» Work item: Where an image appears, leave it out; otherwise repeat the data exactly.

» Stored data:
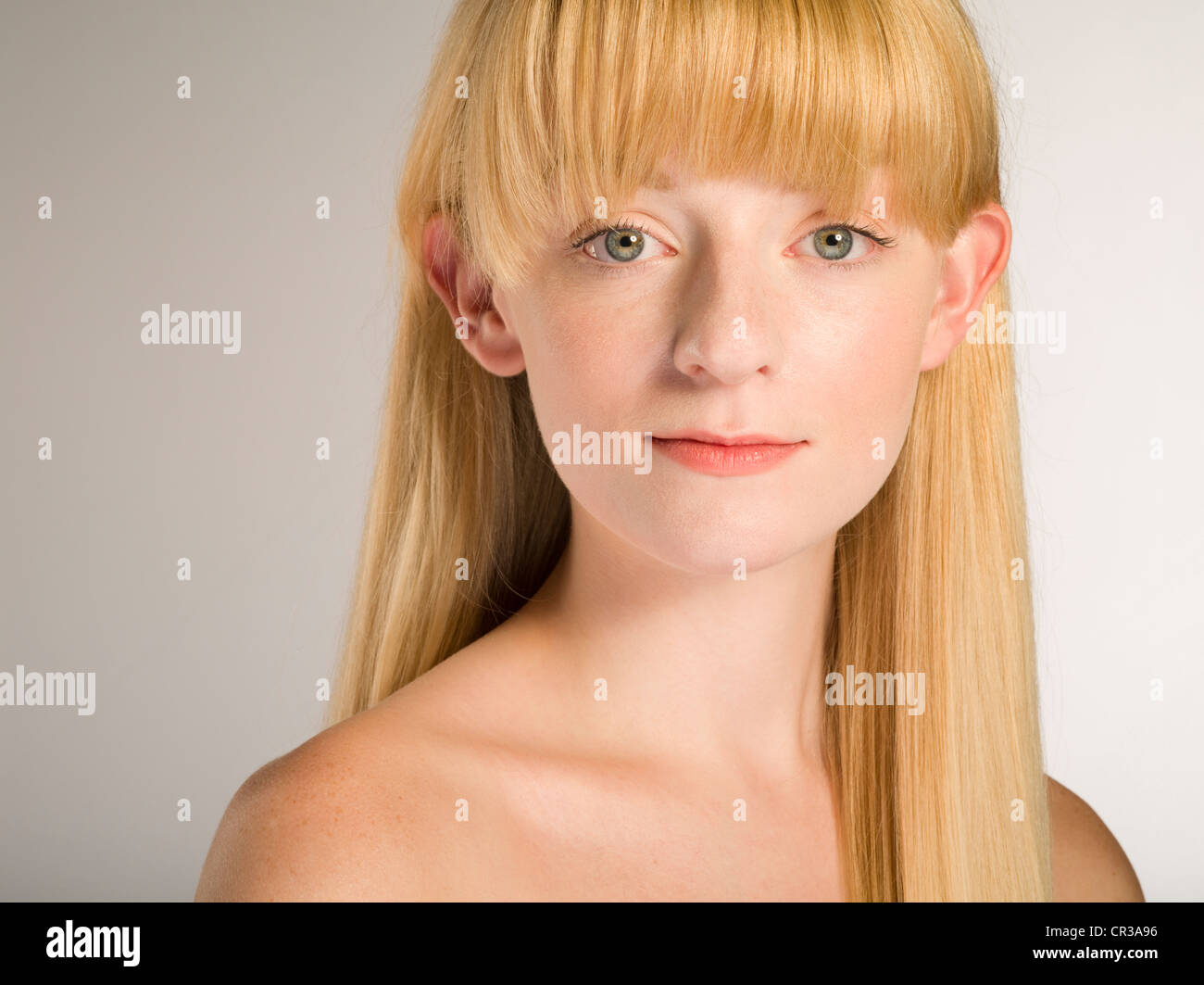 Tez pálida caucásico / rubia chica con el pelo rubio en sus años veintes Foto de stock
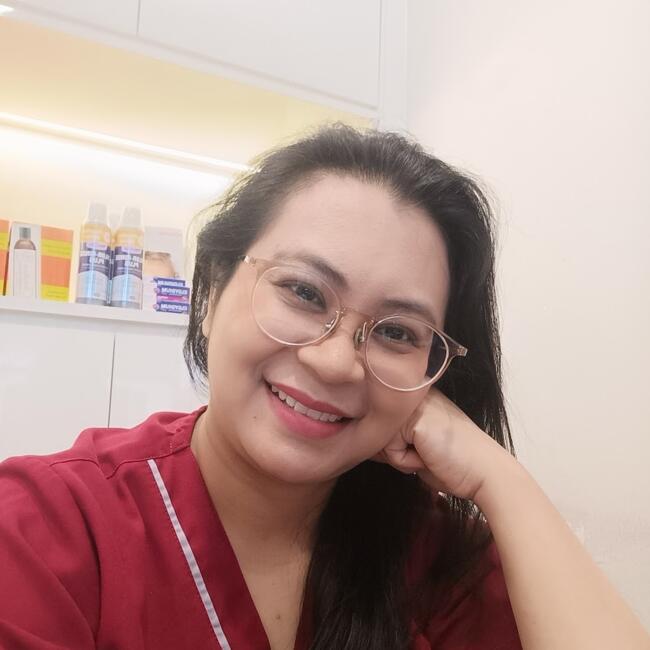 Babysitter in Singapore: Liza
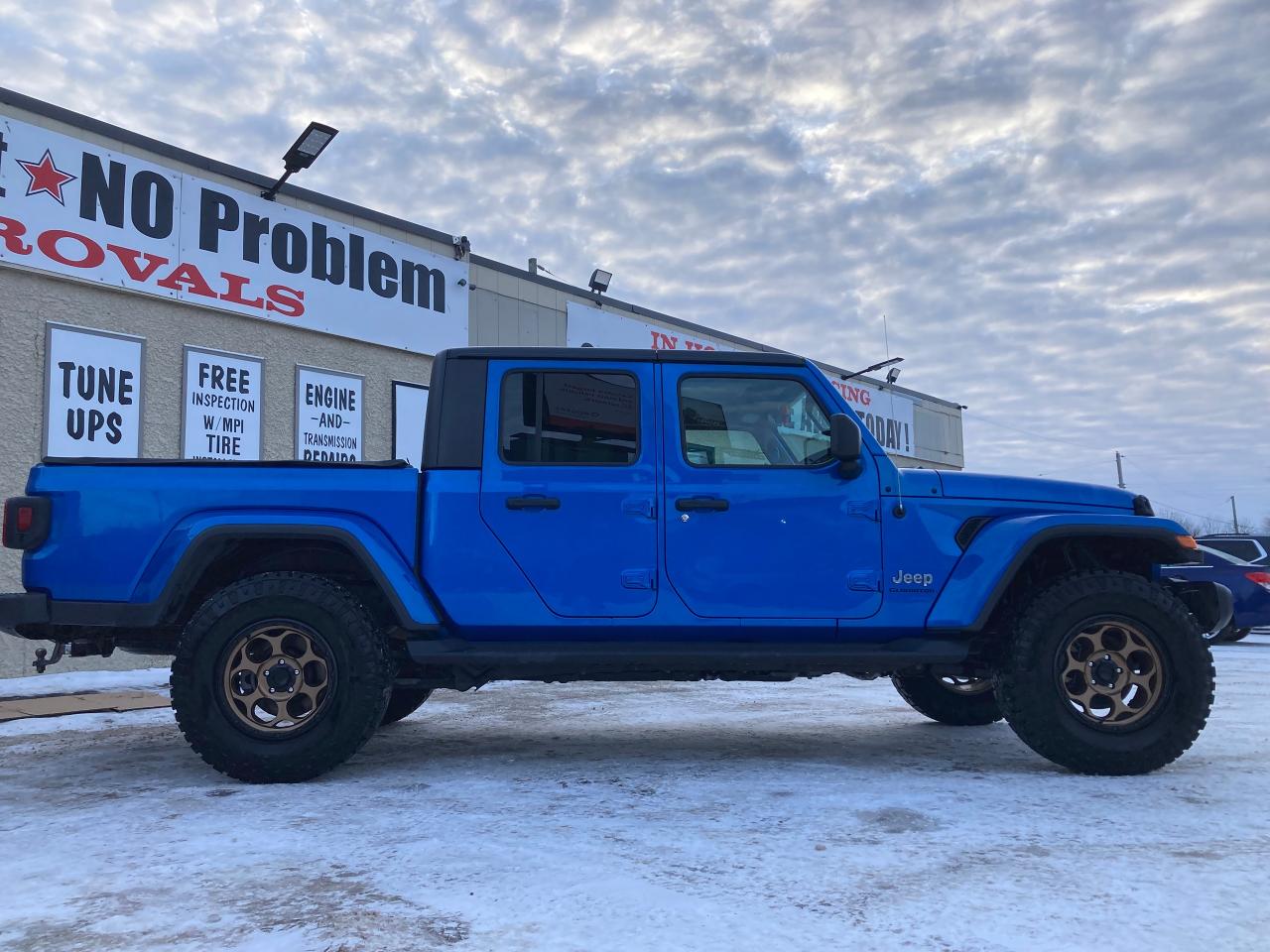 2020 Jeep Gladiator Overland - Photo #2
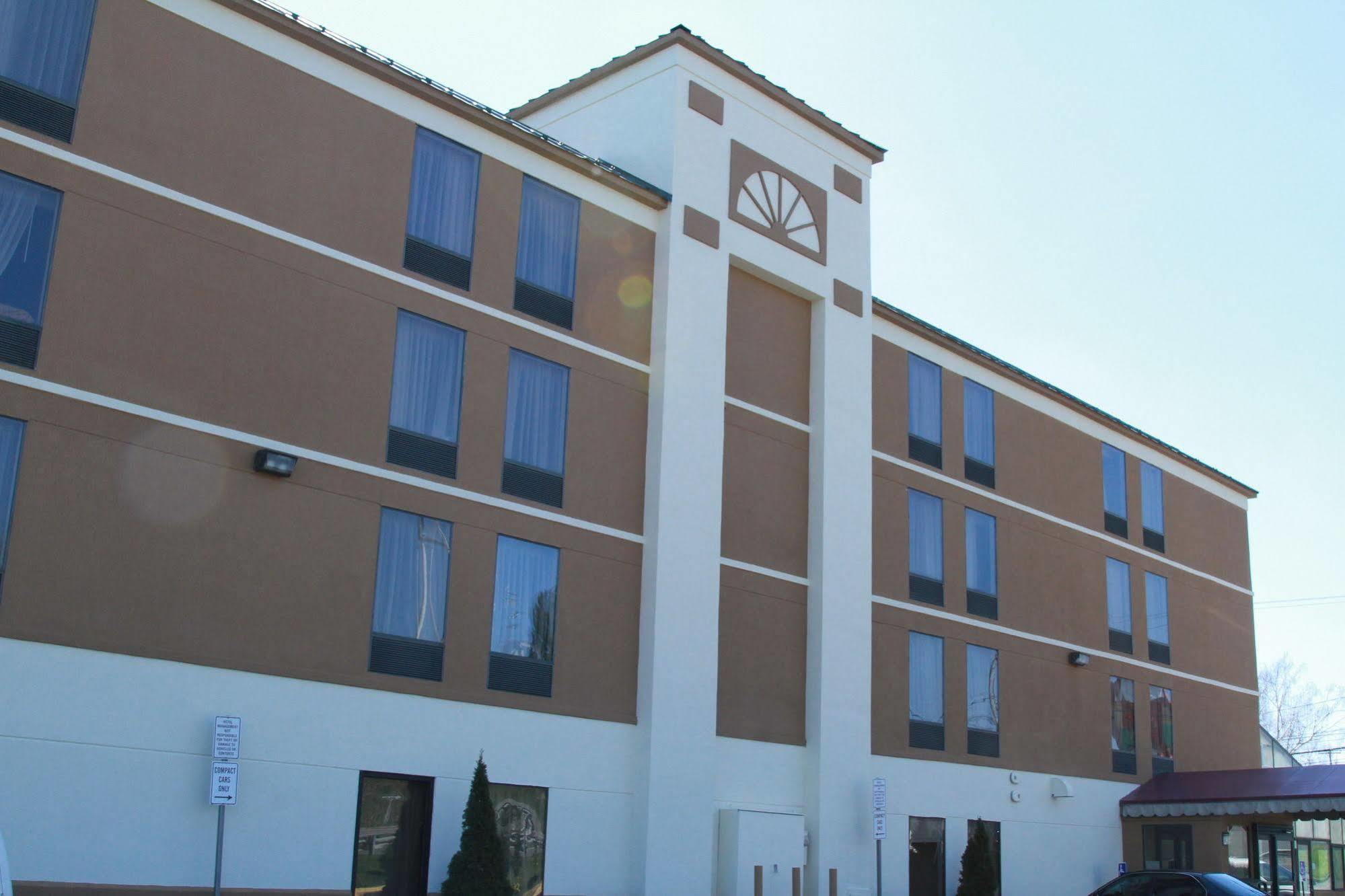 Spark By Hilton Wytheville East Main Street Extérieur photo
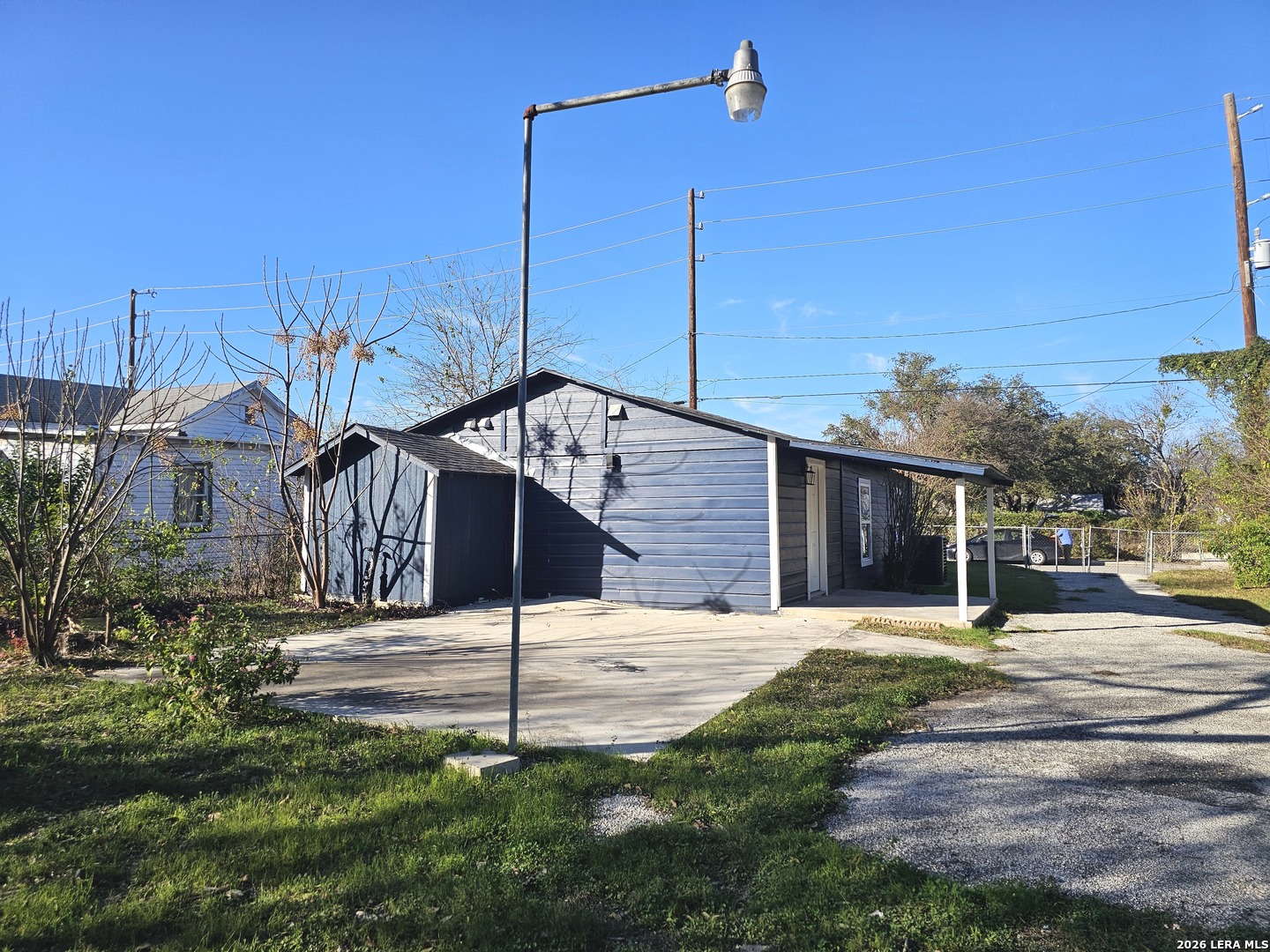 main property photo 15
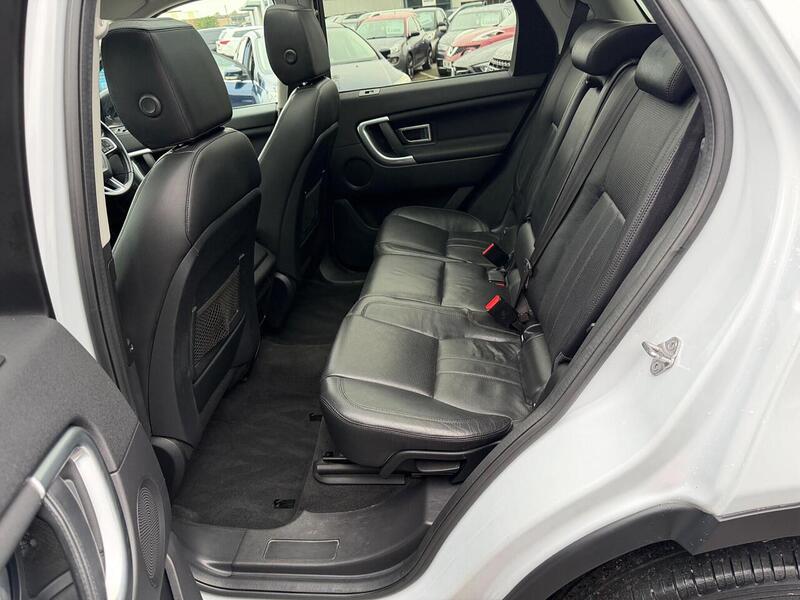 Land Rover Discovery Sport 2.0 TD4 HSE Auto 4WD Euro 6 (s/s) 5dr - U104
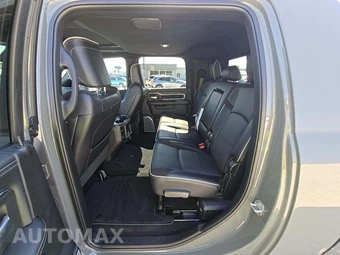 2026 Ram 3500 Laramie Extended Crew Cab Medium Bed DRW – miniatura 10
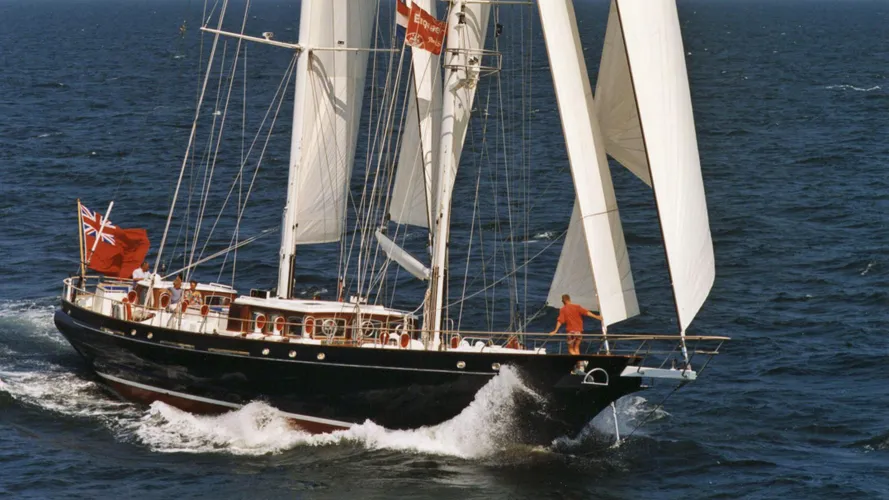 reesle sailing yacht engelaer 30m 1995 half profile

» Expected answer:
 Tez pálida caucásico / rubia chica con el pelo rubio en sus años veintes Foto de stock
 Babysitter in Singapore: Liza
 2020 Jeep Gladiator Overland - Photo #2
 Spark By Hilton Wytheville East Main Street Extérieur photo
 main property photo 15
 Land Rover Discovery Sport 2.0 TD4 HSE Auto 4WD Euro 6 (s/s) 5dr - U104
 2026 Ram 3500 Laramie Extended Crew Cab Medium Bed DRW – miniatura 10
 reesle sailing yacht engelaer 30m 1995 half profile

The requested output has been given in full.